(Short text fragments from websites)

-=-=-

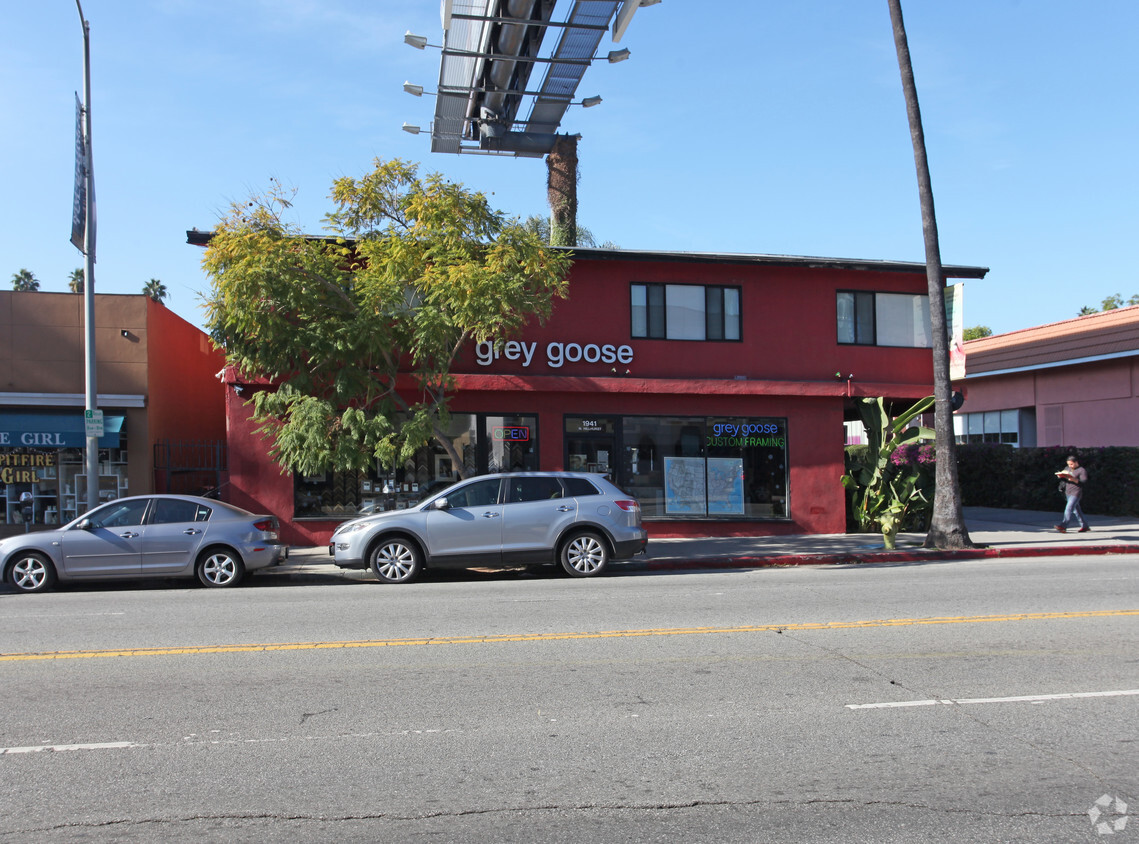 Building Photo - 1941-1945 Hillhurst Ave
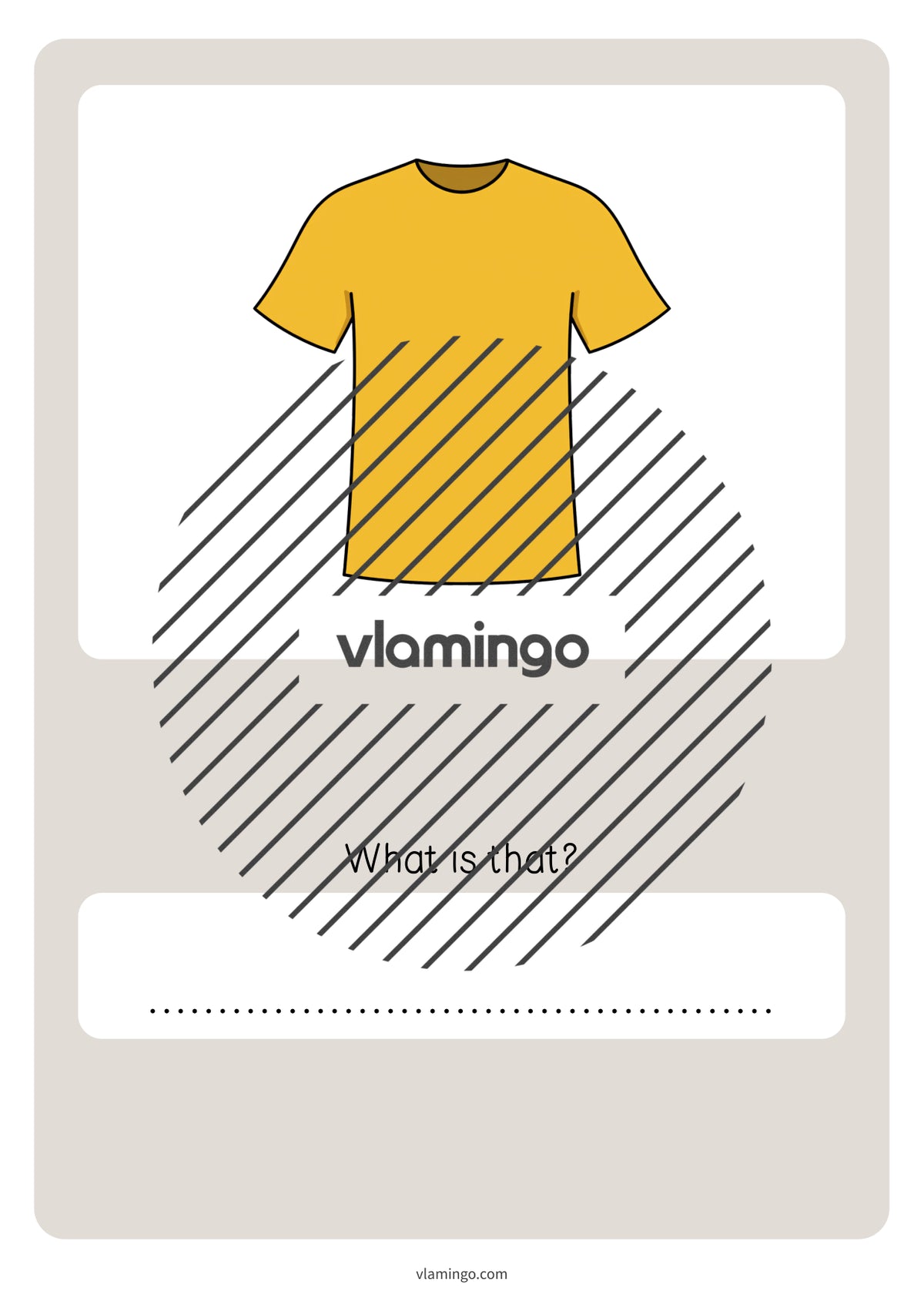 de englisch clothes vocabulary quiz 046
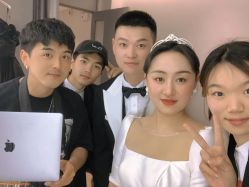 点击看大图 -青禾蒙娜丽莎婚纱摄影(武汉总店)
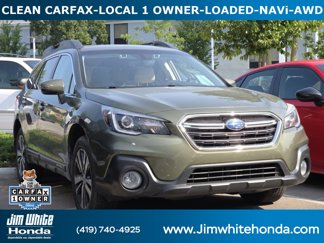 Used 2018 Subaru Outback 2.5i Limited image 1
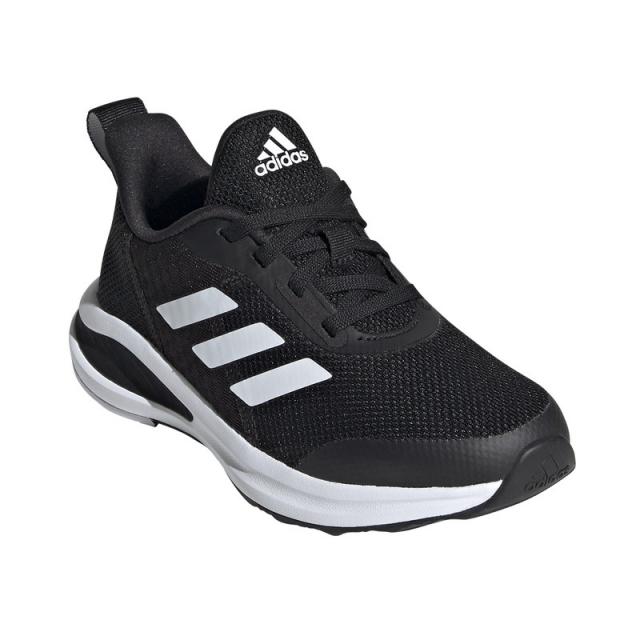 adidas fortarun k black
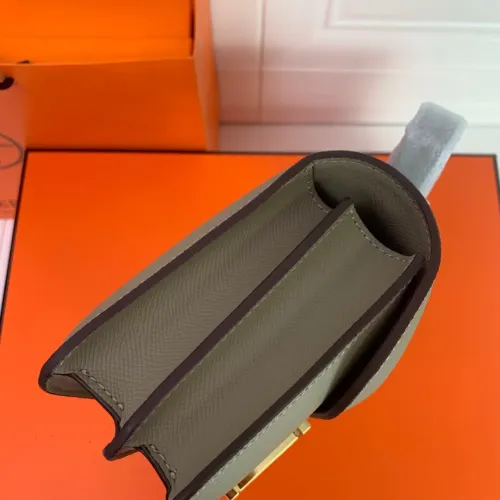 Replica Hermes AAA Quality Messenger Bags For Women #1474801 $98.00 USD for Wholesale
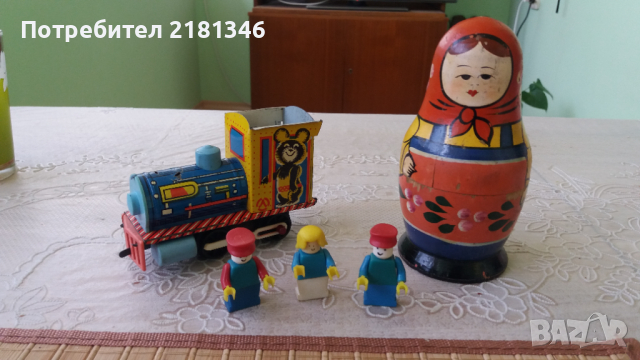 Детски играчки , снимка 1 - Фигурки - 36465135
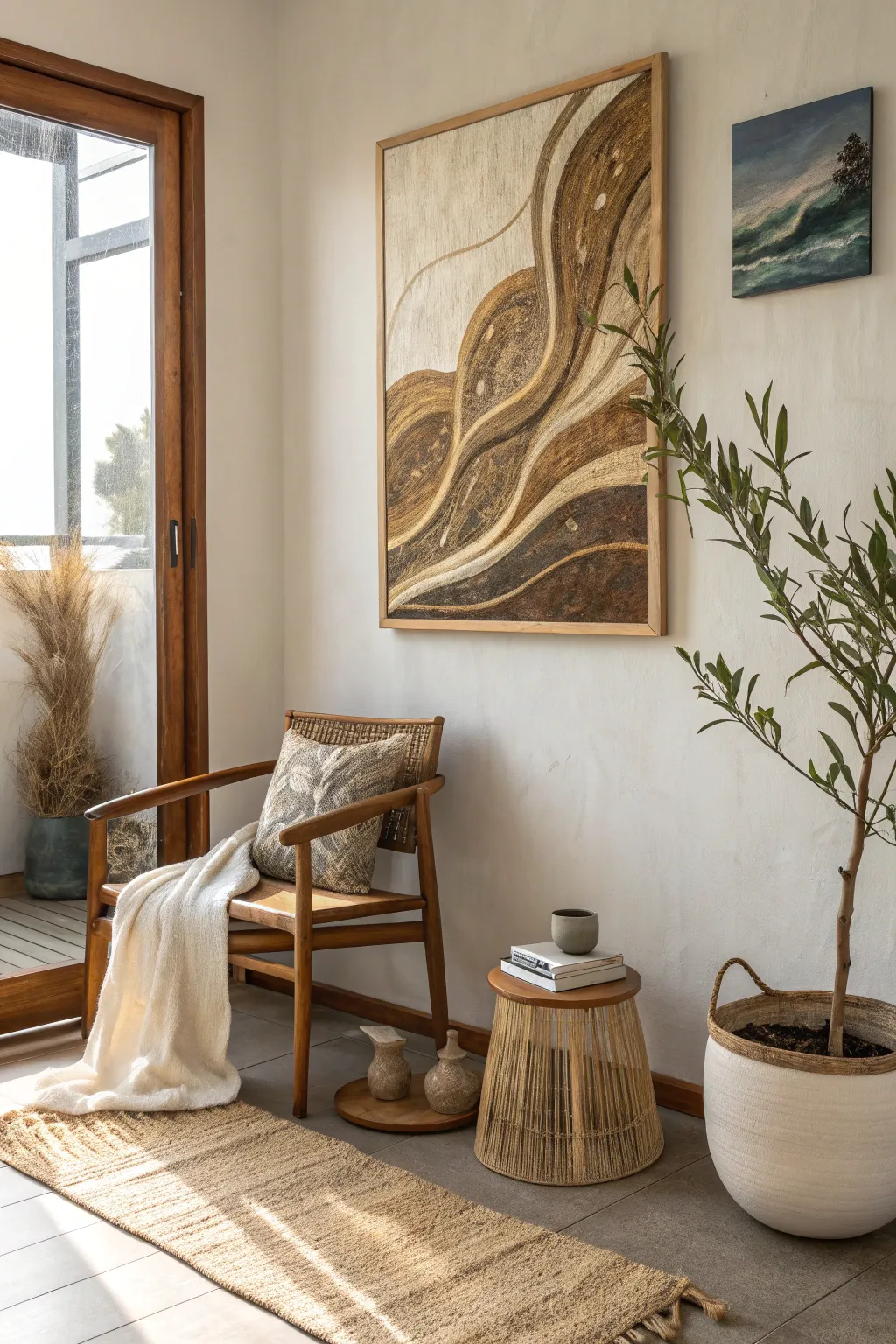 18+ Stunning Abstract Design Ideas for Your Home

-=-=-

Once the line containing "Replica Hermes AAA" is found in the records above, it and every line after it up to the last must be repeated exactly, without pictures.

» Reply to the task
 Replica Hermes AAA Quality Messenger Bags For Women #1474801 $98.00 USD for Wholesale
 Детски играчки , снимка 1 - Фигурки - 36465135
 18+ Stunning Abstract Design Ideas for Your Home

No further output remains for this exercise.